The doctrine of decree is God’s eternal purpose, according to the counsel of God’s own will, whereby, for His own glory, He has foreordained whatsoever comes to pass. Foreknowledge is part of His omniscience. Foreknowledge is His prior knowledge of all things included in the actual course of events.
There is only one decree involving everything, though in the outworking of events there is successiveness. There is also a convenient distinction between directive and permissive decrees.
The decree is all inclusive (Eph. 1:11) although God does not sustain the same relationship to each thing in the decree. All the desires of God are not necessarily incorporated into His plan. What God has decreed is ultimately for His own glory. Wrong is never made right simply because sin was included as part of God’s purpose.
Some claim decree is inconsistent with human freedom. On the contrary, all means such as prayer and witnessing are part of His plan. Others claim the decree makes God the author of sin. Although God has included sin in His plan, He is never responsible for the committing of sin. Some say that the doctrine of decree is the same as fatalism. However, fatalism emphasizes only ends and makes chance, not God, the governing power.
A decree is God’s eternal plan. It expresses His eternal, wise, and sovereign purpose, comprehending at once all things that ever were or will be in their causes, courses, successions, and relations. This plan determines His decree to come to certain futurition.
There is only one decree which is the sum total of God’s plan. His omniscience is the key to understanding His decree. First, God knows Himself totally; He has complete self-knowledge. Secondly, God knows all things outside Himself both actually and possibly. Third, His foreknowledge acknowledges the actual facts of reality. Foreknowledge in itself does not make anything certain; it only acknowledges what is certain.

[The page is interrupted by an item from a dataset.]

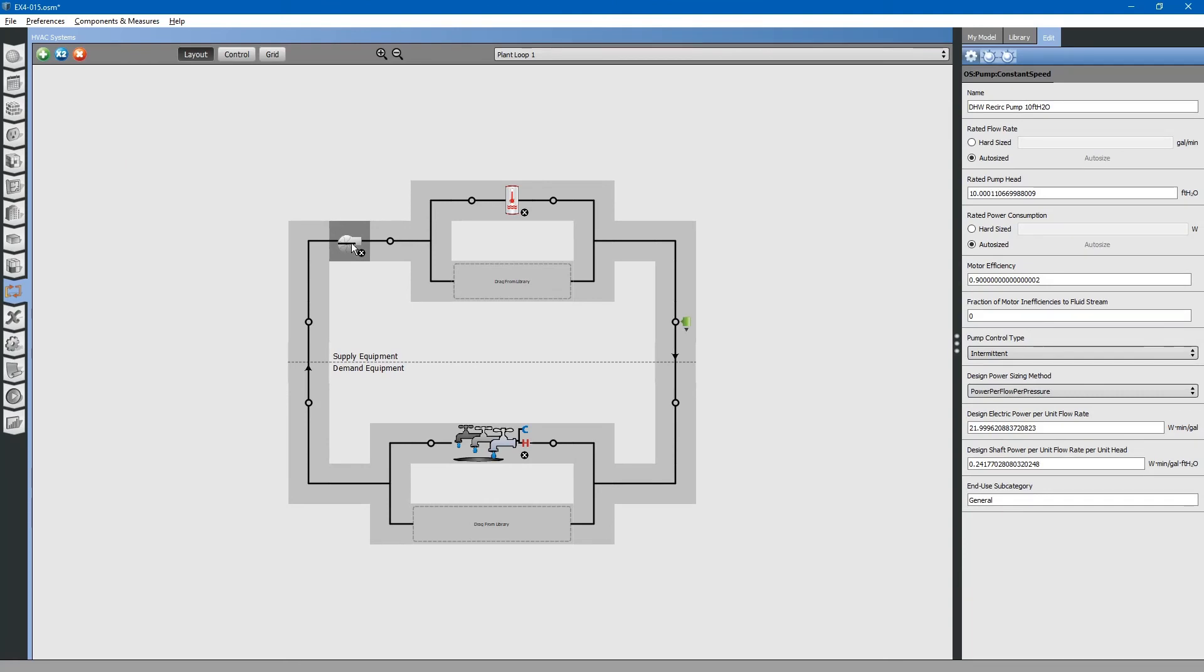Let's look at these. This is the circulator pump. You can edit its various properties: flow rates, pump head, motor efficiencies, and other various properties.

The function of decree operates under His omniscience. God knows perfectly, eternally, and simultaneously all that is knowable, both actual and possible. Such perception and sagacity is totally compatible with His essence. Omniscience sees the free as free, the necessary as necessary, together with all their causes, conditions, and relations, as one indivisible system of things, every link of which is essential to the integrity of the whole. Every cause and effect is related to another cause and effect. Volition is the uncaused cause of human function so that the course of history is just as man thinks it, wills it, does it.